On Thu, Feb 23, 2017 at 05:31:14PM -0800, Stephen Hemminger wrote:
> On Thu, 23 Feb 2017 18:07:07 -0700
> David Ahern <d...@cumulusnetworks.com> wrote:
> 
> > On 2/23/17 5:30 PM, Stephen Hemminger wrote:
> > > On Thu, 23 Feb 2017 16:39:52 -0700
> > > David Ahern <d...@cumulusnetworks.com> wrote:
> > >   
> > >> On 2/23/17 12:50 PM, Stephen Hemminger wrote:  
> > >>> Some use cases create Linux networking devices which are not intended 
> > >>> for use
> > >>> by normal networking. This is an enhancement to ip command to hide 
> > >>> network
> > >>> devices starting with period (like files in normal directory).  
> > >>> Interfaces whose
> > >>> name start with "." are not shown by default, and the -a (or -all) flag 
> > >>> must
> > >>> be used to show these devices.    
> > >>
> > >> Agree that some devices need to be hidden by default -- not just from
> > >> users but also other processes.
> > >>
> > >> This solution is very narrow, only affecting iproute2 users. Any other
> > >> programs that use netlink or /proc files will continue to see those 
> > >> devices.  
> > > 
> > > I want solution that works broadly. And this works for sysfs already.  
> > 
> > for 'ls' maybe, but not general walking of /sys.

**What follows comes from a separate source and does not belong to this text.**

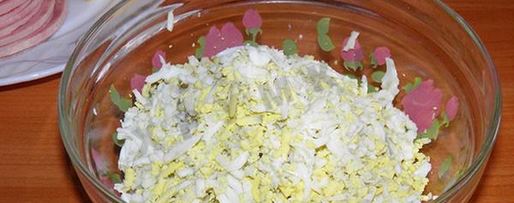 Шаг 1: рулетов из ветчины с сыром и чесноком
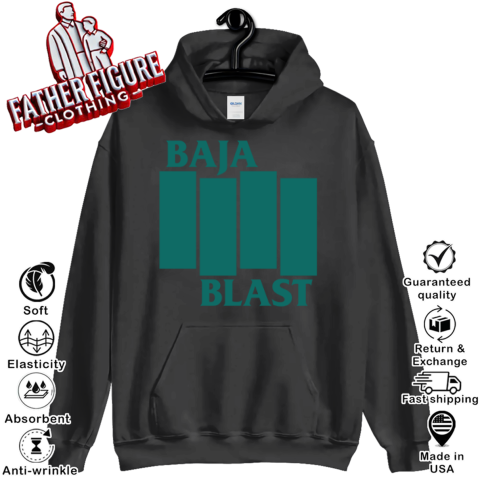 Baja Blast Black Flag Hoodie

It does not hide
> > devices from snmpd, from ifconfig, etc., etc.
> > 
> > 
> > >> I started a patch a year ago that allows devices to marked as invisible
> > >> (attribute can be toggled at any time). Invisible devices do not show up
> > >> in netlink dumps, proc files or notifications. Netlink dumps can request
> > >> invisible devices to be included in a link dump. While it is more
> > >> intrusive, it is also more complete covering all of the paths in which
> > >> the device is shows up.
> > >>
> > >> Also, changing the default behavior for iproute2 could break existing
> > >> users that have such device names.  
> > > 
> > > I am less worried about this. The only people using . in name already
> > > are probably Brocade, and they have similar thing in CLI to hide these
> > > devices.  
> > 
> > 
> > seems like a big assumption.
> 
> Need a solution now, not something that requires kernel and command changes.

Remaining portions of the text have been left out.